Hat der Abgabenschuldner sich bei der Erledigung der Zollformalitäten eines Vertreters bedient (z.B. einem Speditionsunternehmen), ist auch zu prüfen, ob der Vertreter den Irrtum erkennen konnte. Ist dies der Fall, muss sich der Abgabenschuldner die Erkennbarkeit zurechnen lassen.

Erläuterungen und Beispielfälle

Erläuterungen der Europäischen Kommission zu den einzelnen Tatbestandsmerkmalen und Beispielsfälle, in denen von der Erhebung abzusehen war, findet man im Informationspapier der Europäischen Kommission.

Informationspapier der Europäischen KommissionPDF | 248 KB | Datei ist nicht barrierefrei

Die von der Europäischen Kommission entschiedenen Fälle werden von ihr im Internet veröffentlicht.

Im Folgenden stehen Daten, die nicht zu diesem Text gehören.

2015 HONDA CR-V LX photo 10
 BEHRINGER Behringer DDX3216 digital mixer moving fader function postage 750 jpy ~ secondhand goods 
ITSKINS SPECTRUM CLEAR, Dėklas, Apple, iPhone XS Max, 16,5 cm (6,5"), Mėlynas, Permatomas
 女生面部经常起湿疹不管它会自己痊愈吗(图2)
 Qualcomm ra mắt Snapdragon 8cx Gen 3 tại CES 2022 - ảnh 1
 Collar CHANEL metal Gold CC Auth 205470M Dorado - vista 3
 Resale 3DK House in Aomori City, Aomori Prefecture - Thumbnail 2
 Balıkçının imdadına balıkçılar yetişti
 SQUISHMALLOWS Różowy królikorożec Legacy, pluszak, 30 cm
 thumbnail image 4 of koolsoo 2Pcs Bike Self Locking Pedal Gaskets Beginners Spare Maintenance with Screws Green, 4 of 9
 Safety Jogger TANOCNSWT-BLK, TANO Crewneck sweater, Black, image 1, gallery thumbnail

Beschlüsse der Europäischen Kommission

Der ermäßigte Zollsatz oder die Zollfreiheit ist nicht angewandt worden, obwohl bei der Zollanmeldung zur Überlassung zum zollrechtlich freien Verkehr alle für die Anwendung des ermäßigten Zollsatzes oder der Zollfreiheit erforderlichen Angaben ordnungsgemäß gemacht und die erforderlichen Unterlagen vorgelegt worden waren.

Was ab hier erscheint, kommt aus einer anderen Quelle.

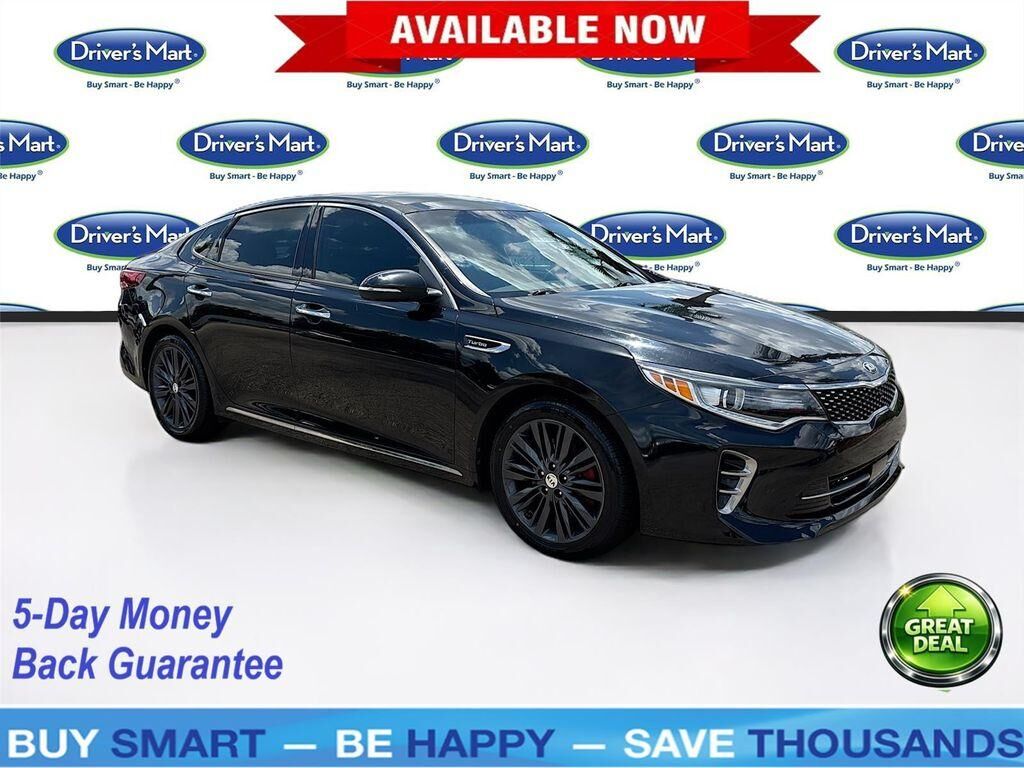 2016 KIA Optima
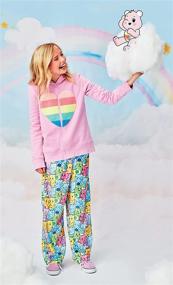 img 2 attached to 👖 Silky Girls' Clothing and Pants & Capris with Iscream Girls Bears Print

Bestimmte Zollbegünstigungen insbesondere im Zusammenhang mit Zollkontingenten oder anderen mengenmäßig oder zeitlich befristeten Vorteilsgewährungen müssen von der Zollstelle an überwachende Behörden weitergemeldet werden. Unterbleibt die Weitermeldung z.B. infolge von technischen Fehlern bei der Datenübermittlung oder wegen Eingabefehlern durch den Abfertigungsbeamten, kann eine Anrechnung nicht erfolgen. Diese Unzulänglichkeiten hat der Abgabenschuldner nicht zu vertreten. Deshalb ist mit Art. 119 Abs. 2 UZK eine Erstattungs- bzw. Erlassmöglichkeit geschaffen worden.